[Start of Attachment]
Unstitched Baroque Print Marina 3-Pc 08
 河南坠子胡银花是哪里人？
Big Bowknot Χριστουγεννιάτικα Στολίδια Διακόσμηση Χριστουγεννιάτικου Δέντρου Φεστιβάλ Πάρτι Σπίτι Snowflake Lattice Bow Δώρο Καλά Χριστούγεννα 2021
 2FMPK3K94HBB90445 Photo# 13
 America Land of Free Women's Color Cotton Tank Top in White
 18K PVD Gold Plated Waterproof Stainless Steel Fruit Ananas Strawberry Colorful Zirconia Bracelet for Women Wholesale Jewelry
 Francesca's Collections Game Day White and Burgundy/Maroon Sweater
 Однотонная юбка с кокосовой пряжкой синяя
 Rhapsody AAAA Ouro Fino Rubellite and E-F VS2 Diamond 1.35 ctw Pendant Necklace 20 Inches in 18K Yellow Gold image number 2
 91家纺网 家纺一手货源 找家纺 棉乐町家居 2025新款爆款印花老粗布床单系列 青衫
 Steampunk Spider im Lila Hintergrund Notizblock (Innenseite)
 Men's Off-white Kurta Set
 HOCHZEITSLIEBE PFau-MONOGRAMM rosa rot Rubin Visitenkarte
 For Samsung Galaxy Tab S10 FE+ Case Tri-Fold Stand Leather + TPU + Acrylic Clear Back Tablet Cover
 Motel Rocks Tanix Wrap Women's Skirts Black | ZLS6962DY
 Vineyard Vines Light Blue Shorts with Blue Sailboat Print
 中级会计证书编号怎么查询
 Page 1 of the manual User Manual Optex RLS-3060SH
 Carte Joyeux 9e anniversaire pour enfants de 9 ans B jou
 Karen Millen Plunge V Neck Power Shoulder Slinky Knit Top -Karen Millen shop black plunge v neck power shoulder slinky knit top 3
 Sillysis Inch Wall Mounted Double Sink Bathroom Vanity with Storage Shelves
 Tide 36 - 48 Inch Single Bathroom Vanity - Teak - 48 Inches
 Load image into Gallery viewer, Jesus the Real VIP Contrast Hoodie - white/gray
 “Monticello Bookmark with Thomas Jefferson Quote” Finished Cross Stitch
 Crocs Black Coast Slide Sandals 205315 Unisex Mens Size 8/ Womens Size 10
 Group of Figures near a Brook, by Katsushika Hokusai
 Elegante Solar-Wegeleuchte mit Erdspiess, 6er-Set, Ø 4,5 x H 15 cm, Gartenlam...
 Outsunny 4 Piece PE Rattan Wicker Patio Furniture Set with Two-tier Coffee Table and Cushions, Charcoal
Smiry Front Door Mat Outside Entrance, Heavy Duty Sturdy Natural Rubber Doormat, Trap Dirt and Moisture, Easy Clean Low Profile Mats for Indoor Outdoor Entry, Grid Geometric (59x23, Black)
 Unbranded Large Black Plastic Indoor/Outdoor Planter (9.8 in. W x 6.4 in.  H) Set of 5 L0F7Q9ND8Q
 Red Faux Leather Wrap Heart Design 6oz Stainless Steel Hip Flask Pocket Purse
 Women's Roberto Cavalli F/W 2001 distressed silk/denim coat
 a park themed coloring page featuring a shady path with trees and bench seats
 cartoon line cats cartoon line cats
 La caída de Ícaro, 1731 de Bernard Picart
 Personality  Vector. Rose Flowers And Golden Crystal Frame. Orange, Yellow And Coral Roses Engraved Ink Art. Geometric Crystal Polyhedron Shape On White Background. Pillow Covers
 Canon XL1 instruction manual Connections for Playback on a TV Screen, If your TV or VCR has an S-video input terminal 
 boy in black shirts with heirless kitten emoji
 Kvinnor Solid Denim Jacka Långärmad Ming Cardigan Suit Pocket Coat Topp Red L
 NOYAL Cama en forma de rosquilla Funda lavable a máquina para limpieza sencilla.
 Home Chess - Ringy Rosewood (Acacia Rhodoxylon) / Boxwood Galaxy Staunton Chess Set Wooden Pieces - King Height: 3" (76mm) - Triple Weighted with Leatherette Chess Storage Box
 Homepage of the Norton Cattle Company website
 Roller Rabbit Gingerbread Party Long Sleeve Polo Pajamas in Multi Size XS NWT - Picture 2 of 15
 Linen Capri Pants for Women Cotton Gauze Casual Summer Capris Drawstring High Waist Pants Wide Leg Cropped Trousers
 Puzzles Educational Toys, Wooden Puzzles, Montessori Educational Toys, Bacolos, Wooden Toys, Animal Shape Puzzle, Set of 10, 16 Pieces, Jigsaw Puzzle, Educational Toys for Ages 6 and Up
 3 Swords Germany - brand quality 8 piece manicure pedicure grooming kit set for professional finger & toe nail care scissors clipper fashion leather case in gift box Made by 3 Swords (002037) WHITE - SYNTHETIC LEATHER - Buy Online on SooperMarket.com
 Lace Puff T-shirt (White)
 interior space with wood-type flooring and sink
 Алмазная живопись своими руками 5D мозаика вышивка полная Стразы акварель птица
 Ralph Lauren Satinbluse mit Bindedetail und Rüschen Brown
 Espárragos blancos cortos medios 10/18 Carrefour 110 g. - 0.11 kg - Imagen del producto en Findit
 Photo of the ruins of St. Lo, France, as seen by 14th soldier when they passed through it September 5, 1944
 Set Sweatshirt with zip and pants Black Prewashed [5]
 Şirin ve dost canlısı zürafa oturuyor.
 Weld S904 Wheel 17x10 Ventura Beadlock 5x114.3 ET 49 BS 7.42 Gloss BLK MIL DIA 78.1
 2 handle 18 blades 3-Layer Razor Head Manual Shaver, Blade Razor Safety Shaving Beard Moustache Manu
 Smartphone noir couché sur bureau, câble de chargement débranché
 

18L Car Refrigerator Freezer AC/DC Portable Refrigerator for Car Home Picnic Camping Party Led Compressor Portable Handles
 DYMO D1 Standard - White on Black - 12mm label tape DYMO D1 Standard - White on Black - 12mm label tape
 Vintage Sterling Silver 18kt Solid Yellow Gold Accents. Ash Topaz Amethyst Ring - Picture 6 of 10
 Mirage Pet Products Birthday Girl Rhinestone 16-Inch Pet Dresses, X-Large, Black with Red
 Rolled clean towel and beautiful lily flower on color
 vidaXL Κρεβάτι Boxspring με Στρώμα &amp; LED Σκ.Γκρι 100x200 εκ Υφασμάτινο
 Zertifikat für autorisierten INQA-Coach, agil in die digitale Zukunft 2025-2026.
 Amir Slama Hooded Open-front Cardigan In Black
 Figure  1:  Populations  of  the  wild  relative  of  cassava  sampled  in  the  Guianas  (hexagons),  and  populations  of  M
[End of Attachment]
→ Problem description
Would you retype exactly the lines above, from the line with "NOYAL Cama en" to the line with "3 Swords Germany", with both end lines kept and nothing more?

→ Task response
 NOYAL Cama en forma de rosquilla Funda lavable a máquina para limpieza sencilla.
 Home Chess - Ringy Rosewood (Acacia Rhodoxylon) / Boxwood Galaxy Staunton Chess Set Wooden Pieces - King Height: 3" (76mm) - Triple Weighted with Leatherette Chess Storage Box
 Homepage of the Norton Cattle Company website
 Roller Rabbit Gingerbread Party Long Sleeve Polo Pajamas in Multi Size XS NWT - Picture 2 of 15
 Linen Capri Pants for Women Cotton Gauze Casual Summer Capris Drawstring High Waist Pants Wide Leg Cropped Trousers
 Puzzles Educational Toys, Wooden Puzzles, Montessori Educational Toys, Bacolos, Wooden Toys, Animal Shape Puzzle, Set of 10, 16 Pieces, Jigsaw Puzzle, Educational Toys for Ages 6 and Up
 3 Swords Germany - brand quality 8 piece manicure pedicure grooming kit set for professional finger & toe nail care scissors clipper fashion leather case in gift box Made by 3 Swords (002037) WHITE - SYNTHETIC LEATHER - Buy Online on SooperMarket.com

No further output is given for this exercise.